In tale motivazione sono esplicitamente disattese le doglianze svolte nei motivi di appello ed in essa non si ravvisa alcuna manifesta illogicità che la renda sindacabile in questa sede.
Infatti, nel momento del controllo di legittimità, la Corte di cassazione non deve stabilire se la decisione di merito proponga effettivamente la migliore possibile ricostruzione dei fatti, né deve condividerne la giustificazione, dovendo limitarsi a verificare se questa giustificazione sia compatibile con il senso comune e con "i limiti di una plausibile opinabilità di apprezzamento", secondo una formula giurisprudenziale ricorrente (Sez. 5, n. 1004 del 30/11/1999, dep. 2000, Rv. 215745; Sez. 2, n. 2436 del 21/12/1993, dep. 1994, Rv. 196955).
4. E' manifestamente infondata anche la doglianza che pretende di attribuire al lavoratore infortunato un comportamento abnorme, come tale interruttivo del nesso di causalità fra la condotta colposa addebitata all'imputato e l'infortunio.
La costante giurisprudenza della Corte di cassazione definisce abnorme il comportamento del lavoratore che, per la sua stranezza ed Imprevedibilità, si ponga al di fuori di ogni possibilità di controllo da parte dei soggetti preposti all'applicazione delle misure di prevenzione contro gli infortuni sul lavoro; e tale non ritiene che sia il comportamento del lavoratore che abbia compiuto un'operazione comunque rientrante, oltre che nelle sue attribuzioni, nel segmento di lavoro attribuitogli (Sez. 4, n. 23292 del 28/04/2011, Millo e altri, Rv. 250710). Nella sostanza è abnorme il comportamento imprudente del lavoratore che sia consistito in qualcosa di radicalmente, ontologicamente, lontano dalle ipotizzabili e, quindi, prevedibili, imprudenti scelte del lavoratore nella esecuzione del lavoro (Sez. 4, n. 7267 del 10/11/2009 - dep. 2010, Iglina e altri, Rv. 246695). Si è anche affermato che deve trattarsi di un contegno eccezionale od abnorme del lavoratore medesimo, esorbitante cioè rispetto al procedimento lavorativo ed alle precise direttive organizzative ricevute e come tale, dunque, del tutto imprevedibile (Sez. 4, n. 15009 del 17/02/2009, Liberali e altro, Rv. 243208).
Si tratta di un orientamento ormai consolidato, che delinea l'abnormità del comportamento in presenza dell’imprevedibilità della condotta tenuta dal lavoratore; imprevedibilità che non può mai ritenersi - e mai è stata ritenuta - quando la condotta del lavoratore è tenuta nell'espletamento, sia pure imperito, imprudente o negligente, delle mansioni assegnategli.

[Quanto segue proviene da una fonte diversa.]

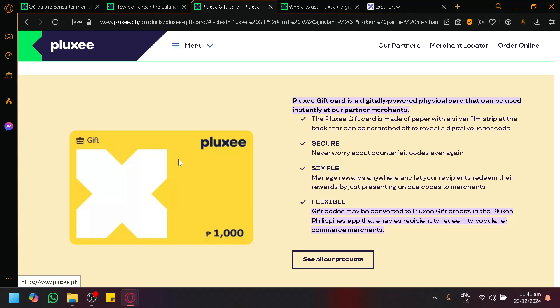Now, typically on the Ploxie app, you can immediately see the balance of your card by simply looking at the card icon. For example, your card will look something like this, and it will show the balance right there.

E ciò perché lo scostamento del lavoratore dagli standard di piena prudenza, diligenza e perizia nelle mansioni a lui affidate è ordinariamente presente, in quanto evenienza immanente nella stessa organizzazione del lavoro. La normativa antinfortunistica è preposta a tutela anche (e soprattutto) dei comportamenti colposi dei lavoratori. Ciò rende necessario che vengano portate alla luce quelle circostanze peculiari del processo di lavoro che connotano la condotta dell'infortunato, in modo che, per dirla con una più recente ricostruzione, "essa si collochi in qualche guisa al di fuori dell'area di rischio definita dalla lavorazione in corso. Tale comportamento è 'interruttivo' (per restare al lessico tradizionale) non perché 'eccezionale' ma perché eccentrico rispetto al rischio lavorativo che il garante è chiamato a governare" (Sez. 4, n. 49821 del 23/11/2012, Lovison e altri, Rv. 254094).
Tanto premesso, risulta palese nel caso in disamina che per quanto "incauto" possa considerarsi il gesto istintivo del dipendente di frapporsi tra la lastra e il muletto, esso risulta certamente compiuto nello svolgimento dei compiti assegnatigli e, ove pure errato - come assume il ricorrente -, in ogni caso attiene alle migliori modalità di assolvimento del compito.
Correttamente quindi la Corte di appello ha escluso che il comportamento del lavoratore fosse in grado di elidere il nesso eziologico tra le accertate violazioni prevenzionistiche del datore di lavoro e l'infortunio verificatosi.
5. Infine, la circostanza che il lavoratore infortunato avesse la qualifica di preposto è elemento in nessun modo rappresentativo dell'abnormità del comportamento del dipendente, essendo pacifico in giurisprudenza il principio secondo cui, in materia di prevenzione degli infortuni sul lavoro, il datore di lavoro, quale responsabile della sicurezza, ha l’obbligo non solo di predisporre le misure antinfortunistiche, ma anche di sorvegliare continuamente sulla loro adozione da parte degli eventuali preposti e dei lavoratori, in quanto, in virtù della generale disposizione di cui all'art. 2087 cod. civ., egli è costituito garante dell'incolumità fisica dei prestatori di lavoro (Sez. 4, n. 4361 del 21/10/2014 - dep. 2015, Ottino, Rv. 263200)
6. Stante l'inammissibilità del ricorso, e non ravvisandosi assenza di colpa nella determinazione della causa di inammissibilità (Corte cost. sent. n. 186/2000), alla condanna del ricorrente al pagamento delle spese processuali consegue quella al pagamento della sanzione pecuniaria, nella misura indicata in dispositivo. Segue la condanna del ricorrente al pagamento delle spese sostenute dalla parte civile, liquidate come da dispositivo.
 

 

P.Q.M.

 


Dichiara inammissibile il ricorso e condanna il ricorrente al pagamento delle spese processuali e della somma di € 2.000,00 in favore della cassa delle ammende nonché alla rifusione delle spese sostenute dalla parte civile G.R. in questo giudizio di legittimità, liquidate in euro 2.500,00, oltre accessori come per legge.